Method Fossilisation in 2026
This is an updated version
Method fossilisation happens when methods get harder to update, due to sprawling overwriting. It is a process, more than a final state. In particular, it happens to methods when the signature is shared across multiple classes, via inheritance and interfaces. As their number grows, they render part of the code unmodifiable, without refactoring large number of files.

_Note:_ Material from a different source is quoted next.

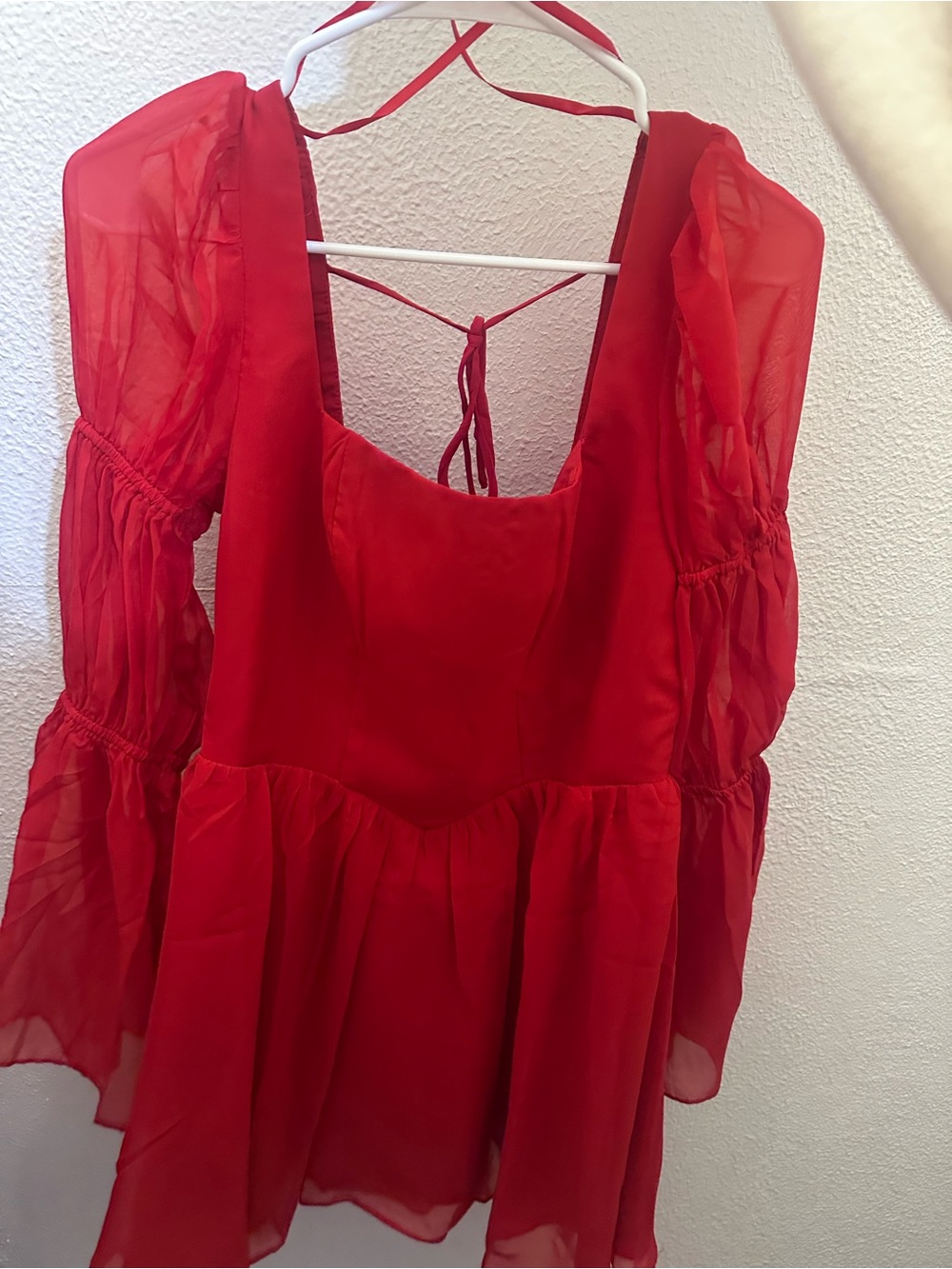 Red Sheer Sleeve Peasant dress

Let’s see how this happens.
Single methods
Single methods are methods that are not overridden by any child class and are not present in any parent class. Such methods can be updated freely: the impact is local only, and at call sites: this is quite straightforward. They do not get fossilized.
<?php
class x {
// target : function method(int $a) {
function method($a) {
// simple method, isn't it?
return $a + 1;
}
}
?>
Method fossilisation
When a method is overridden, one or multiple times across an inheritance hierarchy, the signature becomes fossilised. In practice, a single project can have methods with up to dozens of versions across the hierarchy. Changing one of them requires coordinated refactoring in as many locations.
This situation typically emerges from historical layered code or component strategies based on a shared template or interface.
In the illustration, changing method C2 in a deep hierarchy can cascade into six required edits across the application, each one a potential source of regression.
Inherited methods
Inherited methods exist in a parent and a child class. Sometimes, there are grand-parents, and siblings, and then cousins: this is would be just more complex, without adding value to this illustration.
Their signatures must be compatible: they share a common signature constraint.
<?php
class x {
function method($a) {
// simple method, isn't it?
return $a + 1;
}
}
class y extends x {
function method($b) {
// overwritten method, with distinct code
return $b + 2;
}
}
?>
The methods don’t have to be absolutely identical, so there is still some room to update them independently. Yet, there are rules about the number, the visibility, the names, and the types of the arguments.
Visibility
Let’s start with method visibility. The visibility of a method can only be from private to protected to public, and it will not go back. It may also stay at the level of visibility.
<?php
class foo {
private function method() {}
}
class bar extends foo {
public function method() {}
}
?>
Usually, visibility is not changed at extension time.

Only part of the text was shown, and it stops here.